Apple and Google both felt the heat when the Nokia merger happened. Being new to the arena, Microsoft had the opportunity to rethink the game; and rethink it did. To differentiate itself in the market, Windows Phone had a distinctive new design philosophy—the 'Metro' design language. As a design philosophy, it pushed the boundaries that its contemporaries had set; it was leaner, cleaner and decidedly avant-garde.
‘Live-tiles’ is another feature that Microsoft pioneered, the thought behind it being your phone should tell you what you need to know in a glance. The windows start screen was bright and lively with well-animated tiles. The novelty of it alone was enough to grab consumers’ attention.
With Microsoft snapping at their heels, Apple and Google had to up their game. Both Android and Apple saw cleaner and brighter updates with the focus shifting to visuals and transition-animations. Windows phone was also extremely camera-centric, which led to a sudden improvement in the quality of cameras all round.
For all its innovation and novelty, Windows Phone never really made it big. There were well publicised updates and there were advertisement campaigns, but to little avail. Perhaps if iOS and Android hadn’t pulled up their socks, we would see a lot more Windows phones around.
One of the major reasons behind this was the lack of third party involvement.
Apps have become the driving force behind the modern smartphone, and this posed a problem. Developers had to remake their apps for the Windows platform; this was tedious, expensive, and since the OS had limited users, simply not worth the time for many. The apps that were introduced often had bugs and suffered from infrequent updates. This problem plagued the Windows Phone till the very end.
Others had problems with the unfamiliar user interface and the incessant software updates that come with any new operating system.

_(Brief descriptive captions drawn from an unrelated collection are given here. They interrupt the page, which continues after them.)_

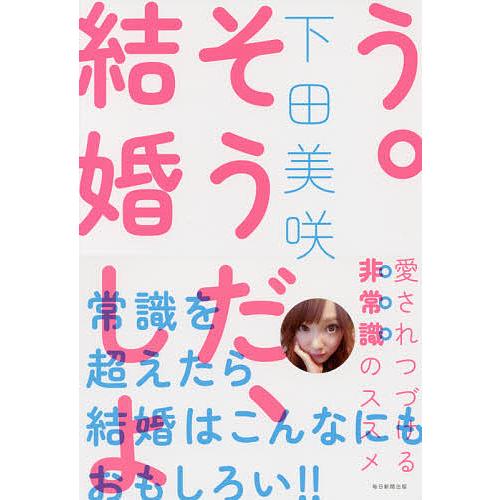 そうだ、結婚しよう。 愛されつづける非常識のススメ/下田美咲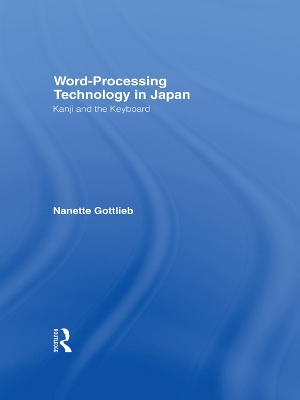 Word-Processing Technology in Japan: Kanji and the Keyboard book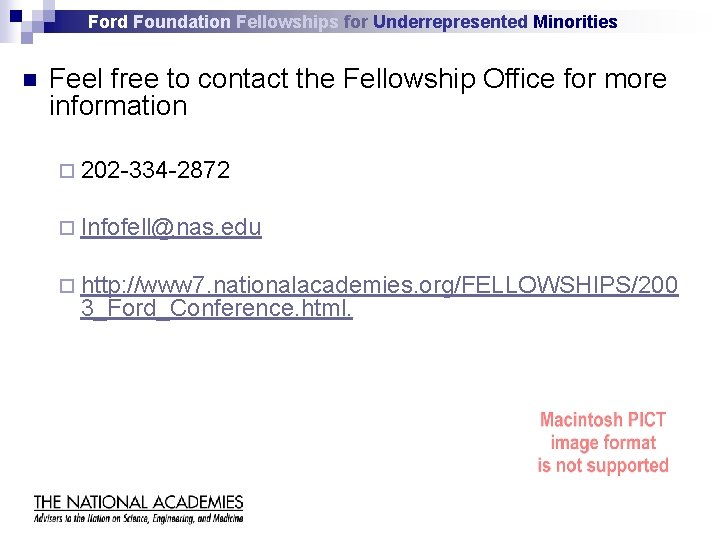 Ford Foundation Fellowships for Underrepresented Minorities n Feel free to contact the Fellowship Office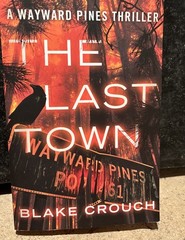 Signed Copy Blake Crouch «The Last Town» 2014 Paperback 2014 Excellent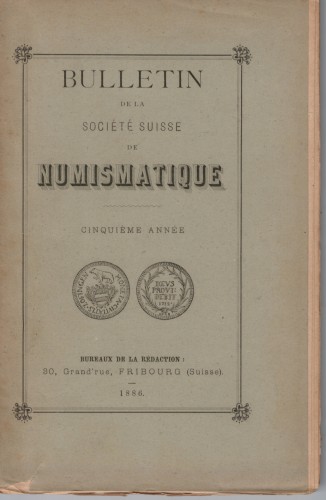 Bulletin Société Suisse de Numismatique 1886 (antiquarisch)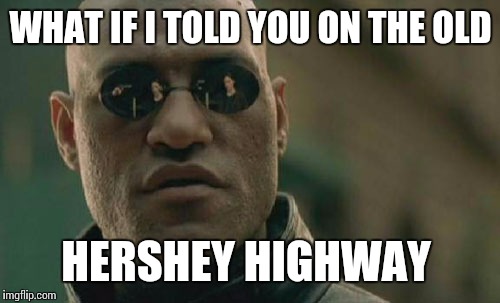 Matrix Morpheus Meme | WHAT IF I TOLD YOU ON THE OLD HERSHEY HIGHWAY | image tagged in memes,matrix morpheus | made w/ Imgflip meme maker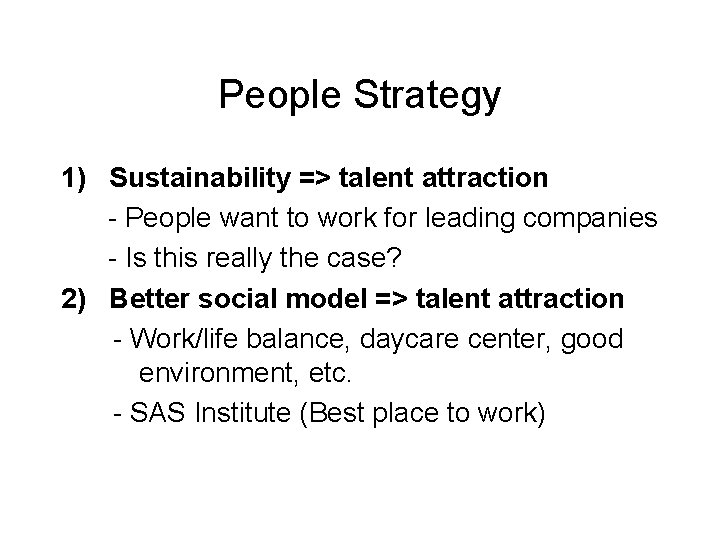 People Strategy 1) Sustainability => talent attraction - People want to work for leading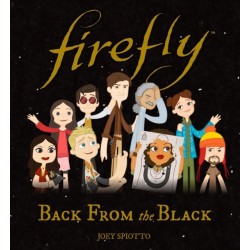 Firefly: Back From the Black: Back From the Black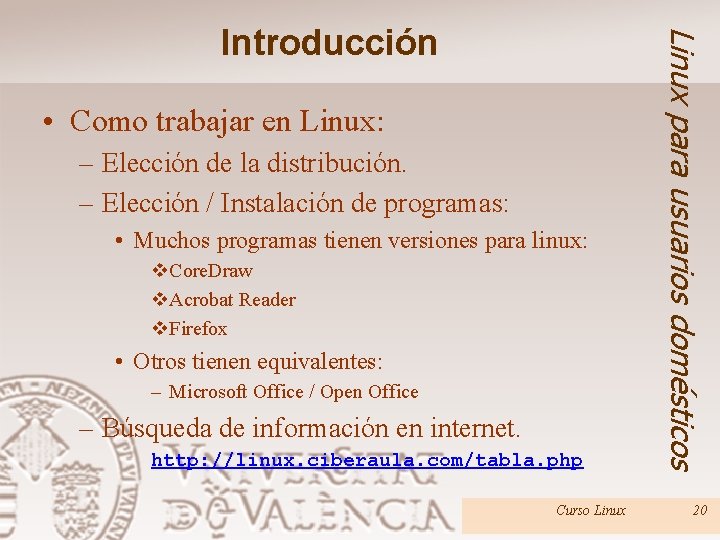  • Como trabajar en Linux: – Elección de la distribución. – Elección /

Microsoft had managed to gain a toe-hold in the smartphone market, but it was proving to be more expensive than it was worth. In 2016, the tech giant finally accepted the fact. It cut thousands of jobs in the smartphone division and ceased advertisement. Since then, their market share has fallen to around 2 per cent. Many users switched to either Android or IOS before the platform could ever fully mature.
Microsoft had a similar experience with its software update for PCs, but through all the tumult that Windows 8 and 8.1 caused, Windows 10 has finally managed to strike the right balance and become an OS as capable, or perhaps even better than the masterpiece that was Windows 7. The differentiating factor was that Microsoft could afford this since it already held the lion’s share of the PC market.
The dream lives on
It’s over for Windows Phone 8, and Windows 10 Mobile is on its last legs. Microsoft knows this, and considering they are one of the largest companies in the business, it is foolish to assume they are out for the count.
There’s a slim chance that Windows 10 Mobile may make a comeback. Microsoft is working on a version which will run on ARM processors, which will allow mobile phones to run a full version of Windows 10. This will end the third party issue since it will allow access to desktop applications.
Microsoft has already started directing its time and resources towards its apps on the Apple and Android store, and with essentials like Microsoft Office and Skype, it maintains a strong presence there. The company is also working on projects like 'Holo Lens' the rumoured 'Surface Phone'.
It is entirely possible that Microsoft changes the very nature of the mobile phone market in the near future, but for now we say goodbye.